Scraped caption text data
[Start of section]

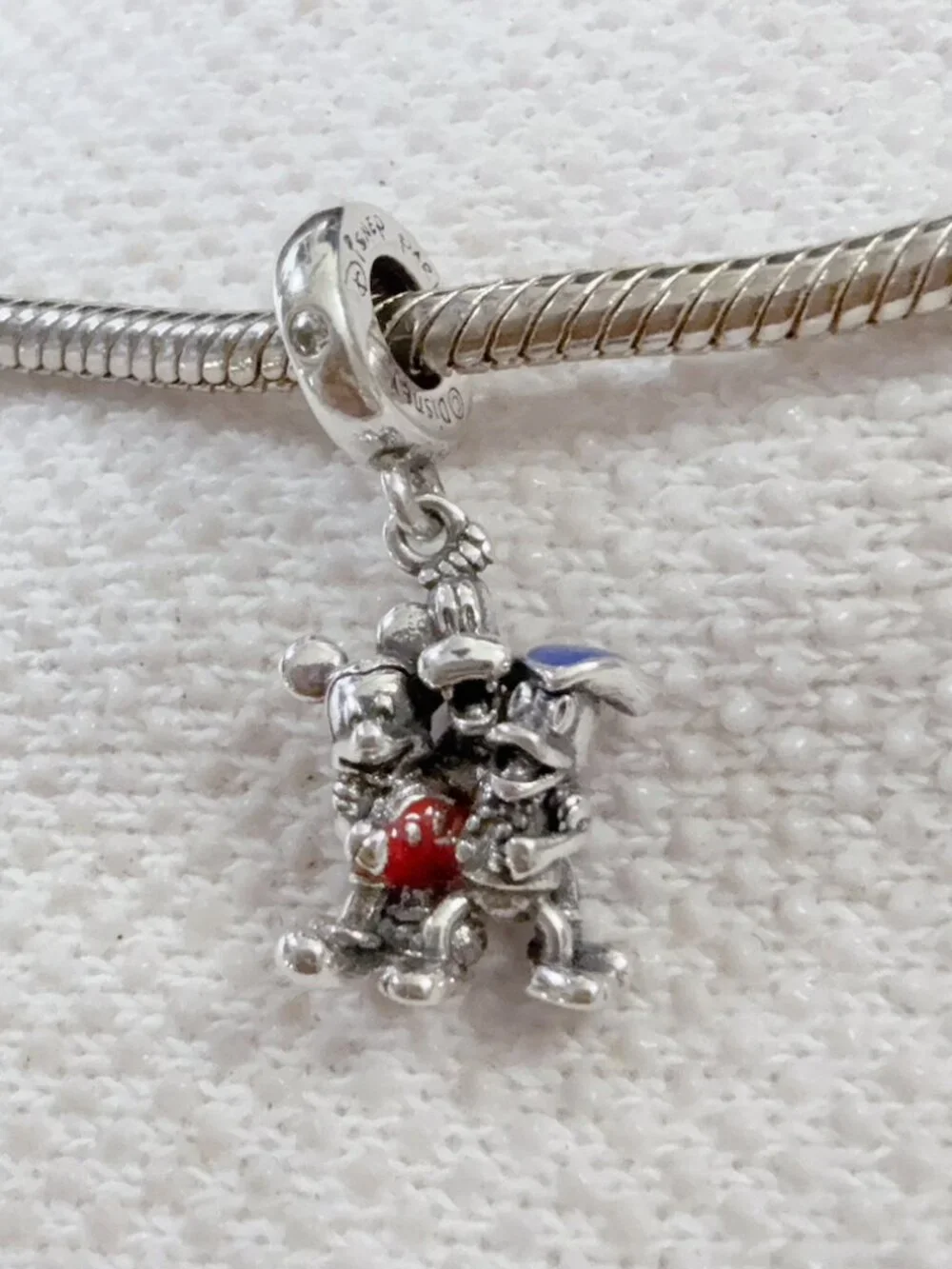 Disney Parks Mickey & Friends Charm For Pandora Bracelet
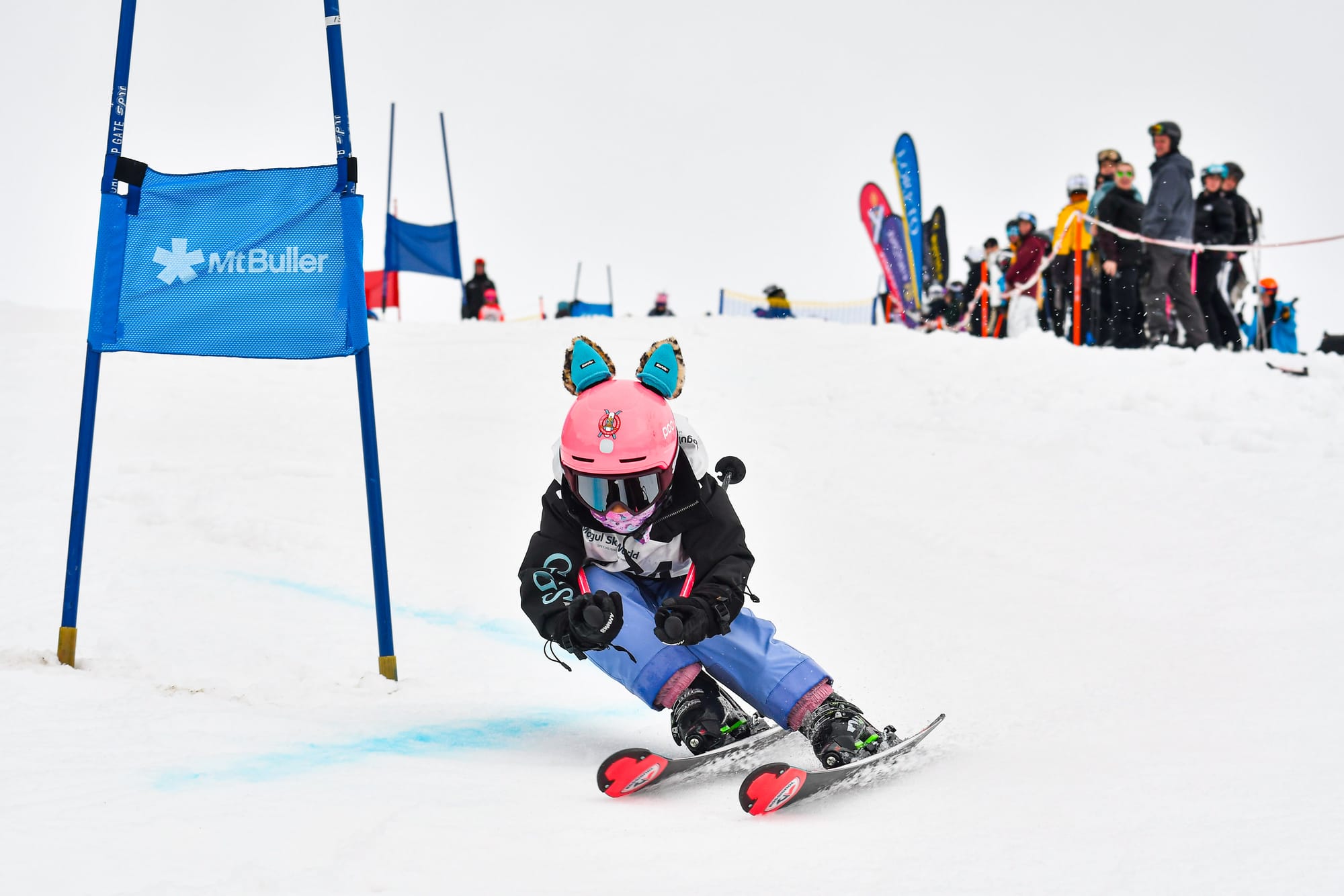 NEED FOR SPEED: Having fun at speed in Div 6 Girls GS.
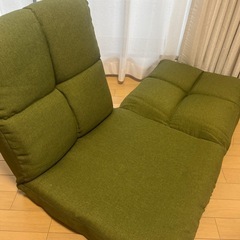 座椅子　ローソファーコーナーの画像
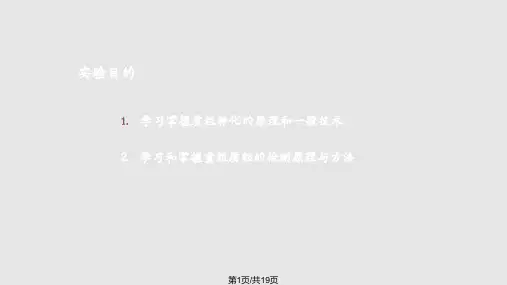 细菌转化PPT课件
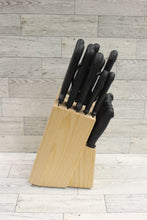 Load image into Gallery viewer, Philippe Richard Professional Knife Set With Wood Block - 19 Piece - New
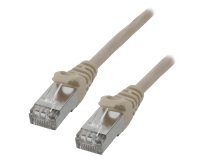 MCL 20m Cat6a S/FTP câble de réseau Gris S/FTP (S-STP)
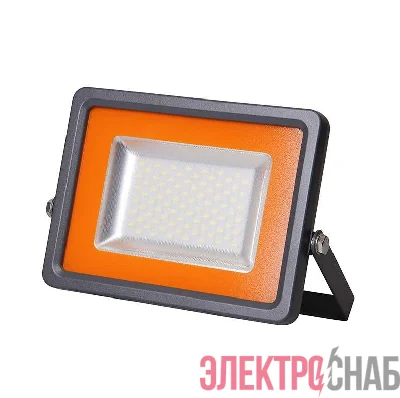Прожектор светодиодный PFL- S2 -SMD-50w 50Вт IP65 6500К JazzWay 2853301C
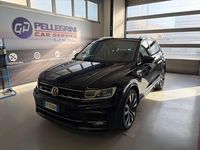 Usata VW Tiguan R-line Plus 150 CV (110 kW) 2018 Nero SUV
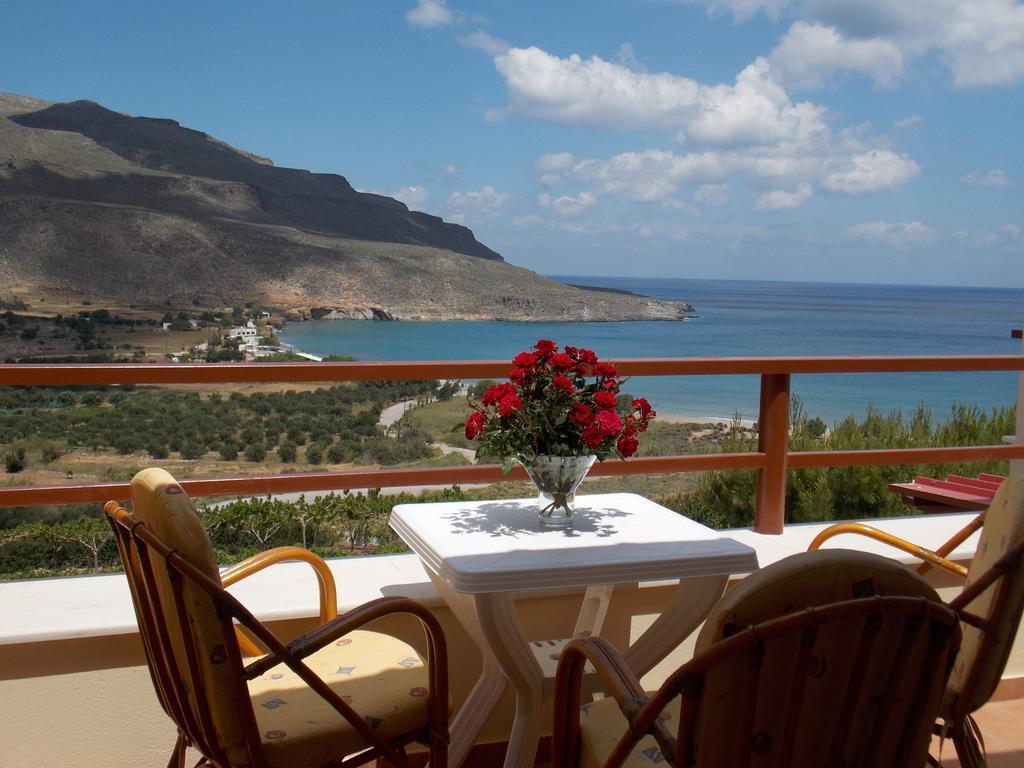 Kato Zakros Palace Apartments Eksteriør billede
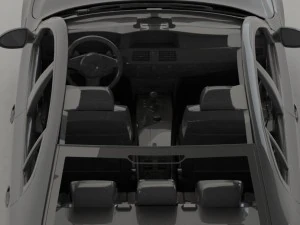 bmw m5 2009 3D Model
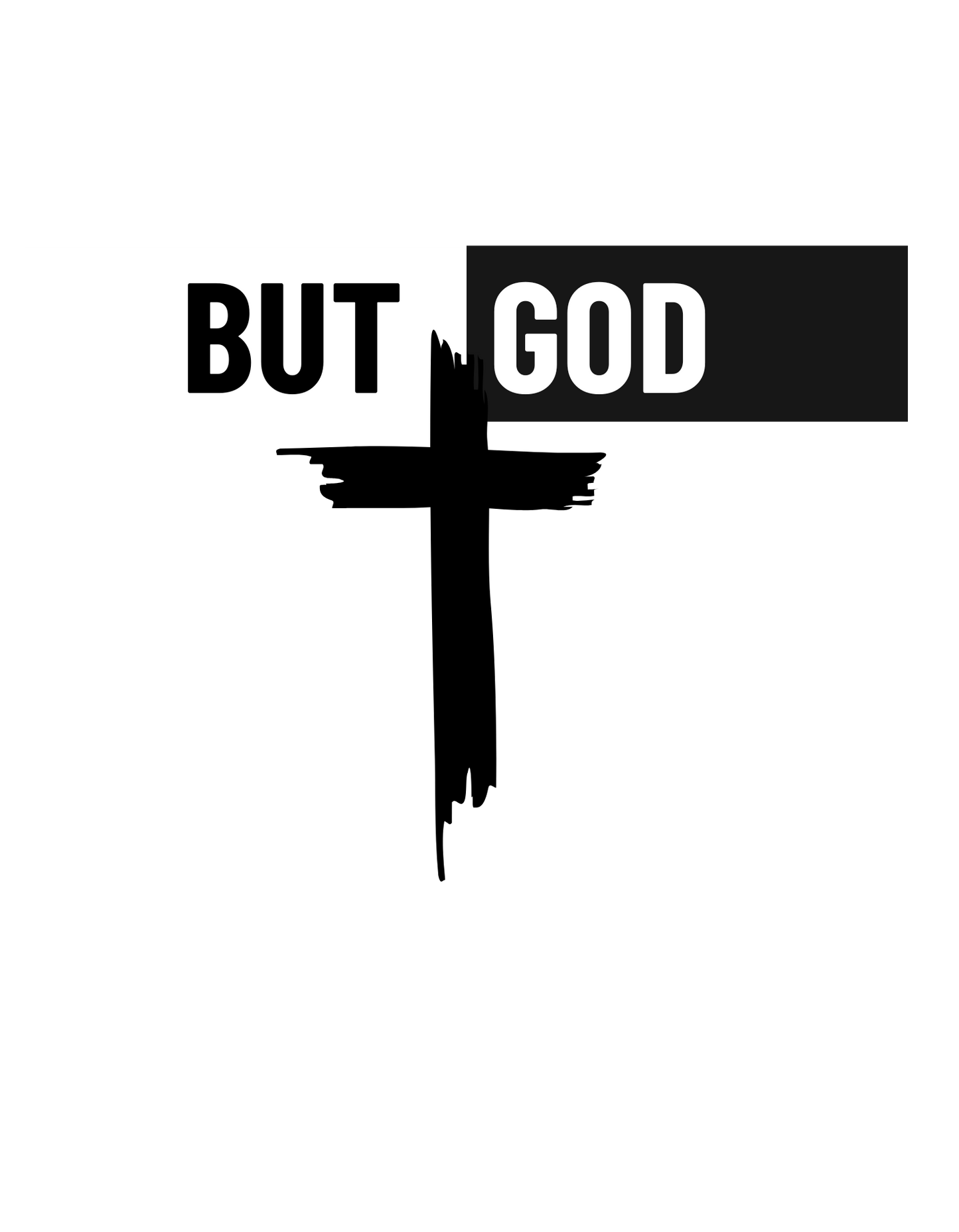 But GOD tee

[End of section]

> _Task goal_: Could you reproduce exactly, and only, the lines from the one containing "Прожектор светодиодный PFL- S2" through the end of the records above, both included, while leaving out the pictures?

> _Response_:
Прожектор светодиодный PFL- S2 -SMD-50w 50Вт IP65 6500К JazzWay 2853301C
 Usata VW Tiguan R-line Plus 150 CV (110 kW) 2018 Nero SUV
 Kato Zakros Palace Apartments Eksteriør billede
 bmw m5 2009 3D Model
 But GOD tee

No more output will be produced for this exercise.